The farm sells vegetables and meat, but at McEnroe Organic Farms, food production begins with compost.

Using food scraps from the farm’s market and local businesses, the farm aspires to run a closed-loop operation. The goal is to leave the world a better place, said Matthew Hamm, compost and soils manager at the farm in Millerton, New York.

That objective has stood since 1987, when farmer Ray McEnroe went into partnership with Douglas Durst, owner of a neighboring compost facility. The two businesses complemented each other, with unsold plant material being turned into a soil amendment to produce the next crop.

The composting is done on an 8-acre outdoor pad lined on one side with leachate control. Fleece coverings help maintain the moisture content needed for the composting bacteria to thrive.

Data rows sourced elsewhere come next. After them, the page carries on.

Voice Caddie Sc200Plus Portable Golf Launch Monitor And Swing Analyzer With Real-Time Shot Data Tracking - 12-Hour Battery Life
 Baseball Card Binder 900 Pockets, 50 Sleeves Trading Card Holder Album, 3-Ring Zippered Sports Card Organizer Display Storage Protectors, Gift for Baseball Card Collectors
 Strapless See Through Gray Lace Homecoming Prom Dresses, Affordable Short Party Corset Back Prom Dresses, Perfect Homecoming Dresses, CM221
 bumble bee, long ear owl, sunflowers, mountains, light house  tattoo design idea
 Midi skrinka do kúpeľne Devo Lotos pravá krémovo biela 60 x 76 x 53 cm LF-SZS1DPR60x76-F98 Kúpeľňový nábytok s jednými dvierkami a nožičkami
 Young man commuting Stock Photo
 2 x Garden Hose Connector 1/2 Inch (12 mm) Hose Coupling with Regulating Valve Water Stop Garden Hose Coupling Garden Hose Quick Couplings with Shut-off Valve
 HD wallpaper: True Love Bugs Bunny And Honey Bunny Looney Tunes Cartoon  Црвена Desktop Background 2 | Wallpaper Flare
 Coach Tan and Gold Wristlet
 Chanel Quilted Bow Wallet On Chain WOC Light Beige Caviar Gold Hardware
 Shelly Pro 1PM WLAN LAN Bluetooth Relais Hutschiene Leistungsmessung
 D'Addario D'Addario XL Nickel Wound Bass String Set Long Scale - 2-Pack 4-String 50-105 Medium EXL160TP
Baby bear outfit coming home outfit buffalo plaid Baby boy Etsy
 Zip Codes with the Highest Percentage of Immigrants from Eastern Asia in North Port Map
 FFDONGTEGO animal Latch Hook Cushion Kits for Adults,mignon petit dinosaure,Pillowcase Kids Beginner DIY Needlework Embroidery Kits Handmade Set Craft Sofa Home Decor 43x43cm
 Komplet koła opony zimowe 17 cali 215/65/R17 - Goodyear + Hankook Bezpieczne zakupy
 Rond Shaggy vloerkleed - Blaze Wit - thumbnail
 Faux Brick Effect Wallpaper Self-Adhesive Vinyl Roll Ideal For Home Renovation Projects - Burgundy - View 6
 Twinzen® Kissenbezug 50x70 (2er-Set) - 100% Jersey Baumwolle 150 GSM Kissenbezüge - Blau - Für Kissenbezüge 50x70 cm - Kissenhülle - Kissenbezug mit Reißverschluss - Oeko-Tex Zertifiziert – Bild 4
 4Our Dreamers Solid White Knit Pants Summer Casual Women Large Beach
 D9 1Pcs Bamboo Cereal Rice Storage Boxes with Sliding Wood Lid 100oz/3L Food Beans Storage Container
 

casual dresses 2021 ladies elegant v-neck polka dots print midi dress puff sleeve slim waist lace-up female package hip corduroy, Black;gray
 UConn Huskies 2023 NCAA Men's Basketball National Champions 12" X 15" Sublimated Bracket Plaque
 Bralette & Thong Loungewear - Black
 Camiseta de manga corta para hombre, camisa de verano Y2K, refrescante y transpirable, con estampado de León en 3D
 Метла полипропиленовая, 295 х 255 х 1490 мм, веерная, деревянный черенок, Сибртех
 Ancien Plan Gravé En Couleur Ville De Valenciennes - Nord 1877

Once the compost reaches between 132 and 155 degrees F, employees turn the windrows regularly to ensure pathogen reduction.

“Because we compost food, we monitor temperatures daily,” Hamm said. “We’re trying to avoid food pathogens.”

After 12 weeks, the material is moved to active storage, where it breaks down until it is at the right particle size and can be screened.


A display shows the textures of the farm’s compost mixes.

“The timeframe varies based on the time of year, ambient temperature and moisture,” Hamm said. “It can be an additional four weeks.”

The farm uses the finished compost to feed its vegetable crops, which include tomatoes, lettuces, cucumbers and herbs and are mostly grown in greenhouses.

The farm also sells several blends of compost to garden centers, hardware stores and distributors along the East Coast.

The state allows the farm to recycle up to 15,000 cubic yards and produce a total of 54,000 cubic yards annually. Hamm said that the farm is at half capacity currently.

“We have to make sure the more we take in, the more we stay on top of the rules and regulations,” Hamm said.

The farm employs 30 to 40 people to manage the compost, crops, farm market and livestock operation, which raises poultry, pigs, beef cattle and sheep.

“The really nice part of being so diverse is it gives you the opportunity to have different areas working at different times,” Hamm said. “During the off season of the market, the compost may be booming, or the vegetables when the compost isn’t as busy.”

Hamm said the farm demonstrates that closed-loop farming, used recycled inputs from the farm, can be successful.

“That kind of system can be sustainable and be beneficial to the environment,” Hamm said. “It’s important that we continue our educational efforts to allow customers to see what we do and see it can be a way of life that can be beneficial to the environment.”